Para arribar à sala do tribunal, nas proximidades da Constituição, só houve tempo para despachado duche que nem aligeirou as olheiras. Em tal estado me cheguei ao magistrado e me desculpei: que para ali me plantar, trabalhara até às três da manhã no cuidado das notícias e depois me afizera afobadamente à estrada para tomar o fardo de Egas Moniz honrando palavra. E o togado incomodou-se: ao que a sanha dos homens obrigava jornalistas! Discursou, de dedo apontado ao acusador, ao patrono, ao mundo. E absolveu-me. Nunca sequer adivinhou que eu nem tinha carta de condução, nem sabia conduzir.
Nessa manhã, louvei a tal matrona, hercúlea e vendada, de espada empunhada e balança sem nada para pesar. Chamam-lhe Justiça. Está, ao vento, ao sol e à chuva, desafiadoramente à porta dos tribunais.
NOTA DO EDITOR:
Nuno Rebocho (1945, Queluz, Sintra, Portugal – 12 de Janeiro de 2020) foi um escritor e jornalista português. Participou activamente na luta contra a Estado Novo de Salazar, chegando a ser preso durante cinco anos, por motivos políticos, na cadeia do Forte de Peniche.
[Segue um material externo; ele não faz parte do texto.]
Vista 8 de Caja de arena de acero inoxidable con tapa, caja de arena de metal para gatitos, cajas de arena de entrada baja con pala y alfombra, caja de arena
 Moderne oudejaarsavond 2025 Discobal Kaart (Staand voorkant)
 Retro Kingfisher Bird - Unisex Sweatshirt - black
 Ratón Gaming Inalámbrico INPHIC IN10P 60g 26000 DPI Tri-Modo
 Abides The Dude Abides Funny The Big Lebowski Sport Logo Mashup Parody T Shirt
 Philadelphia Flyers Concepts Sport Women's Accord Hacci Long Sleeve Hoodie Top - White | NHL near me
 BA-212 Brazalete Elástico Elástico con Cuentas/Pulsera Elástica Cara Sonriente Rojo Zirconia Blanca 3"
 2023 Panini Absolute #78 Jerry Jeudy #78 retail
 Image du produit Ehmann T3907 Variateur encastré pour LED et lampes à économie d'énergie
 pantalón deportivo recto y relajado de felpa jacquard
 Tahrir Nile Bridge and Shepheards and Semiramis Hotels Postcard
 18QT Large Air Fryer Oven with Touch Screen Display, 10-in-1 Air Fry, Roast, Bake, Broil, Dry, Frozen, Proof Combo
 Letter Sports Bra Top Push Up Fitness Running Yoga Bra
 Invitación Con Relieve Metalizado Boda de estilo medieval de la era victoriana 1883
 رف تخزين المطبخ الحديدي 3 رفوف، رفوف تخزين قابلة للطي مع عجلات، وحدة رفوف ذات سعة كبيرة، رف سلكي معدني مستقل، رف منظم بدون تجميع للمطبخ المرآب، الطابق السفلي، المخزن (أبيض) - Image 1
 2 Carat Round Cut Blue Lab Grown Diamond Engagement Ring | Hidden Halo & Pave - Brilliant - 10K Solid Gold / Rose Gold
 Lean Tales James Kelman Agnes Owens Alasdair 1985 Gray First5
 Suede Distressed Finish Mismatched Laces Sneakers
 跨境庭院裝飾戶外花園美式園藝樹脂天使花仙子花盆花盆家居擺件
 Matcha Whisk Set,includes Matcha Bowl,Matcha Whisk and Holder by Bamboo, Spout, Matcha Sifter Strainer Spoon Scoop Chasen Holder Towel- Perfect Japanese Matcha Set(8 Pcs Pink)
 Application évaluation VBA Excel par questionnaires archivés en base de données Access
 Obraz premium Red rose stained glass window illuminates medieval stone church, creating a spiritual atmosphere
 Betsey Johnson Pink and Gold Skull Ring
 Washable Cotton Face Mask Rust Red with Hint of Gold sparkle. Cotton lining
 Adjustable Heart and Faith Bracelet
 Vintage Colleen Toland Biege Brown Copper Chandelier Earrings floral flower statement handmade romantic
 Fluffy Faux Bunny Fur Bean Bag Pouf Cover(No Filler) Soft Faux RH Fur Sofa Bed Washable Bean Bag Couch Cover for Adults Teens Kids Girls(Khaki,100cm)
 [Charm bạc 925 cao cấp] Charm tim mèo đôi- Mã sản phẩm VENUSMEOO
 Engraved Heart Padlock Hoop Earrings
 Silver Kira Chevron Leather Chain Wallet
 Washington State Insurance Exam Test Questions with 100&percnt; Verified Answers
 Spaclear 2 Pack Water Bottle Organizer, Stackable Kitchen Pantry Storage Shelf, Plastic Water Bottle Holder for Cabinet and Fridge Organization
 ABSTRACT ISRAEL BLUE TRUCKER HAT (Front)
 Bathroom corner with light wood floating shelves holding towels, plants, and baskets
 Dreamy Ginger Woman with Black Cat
Tive o grande privilégio de ser seu amigo. Publiquei textos seus por periódicos que dirigi. Estou com ele antologiado na obra “Na Liberdade” (2004). Tem mais de 15 títulos de poesia publicados.
Esta crónica, uma das muitas que dele recebi e das quais ele queria fazer livro, a seu tempo aqui publicada, merece ser relida, pela sua actualidade e qualidade. Também como singela homenagem ao Homem, ao Jornalista e ao Poeta que, na nossa memória, perdura vivo.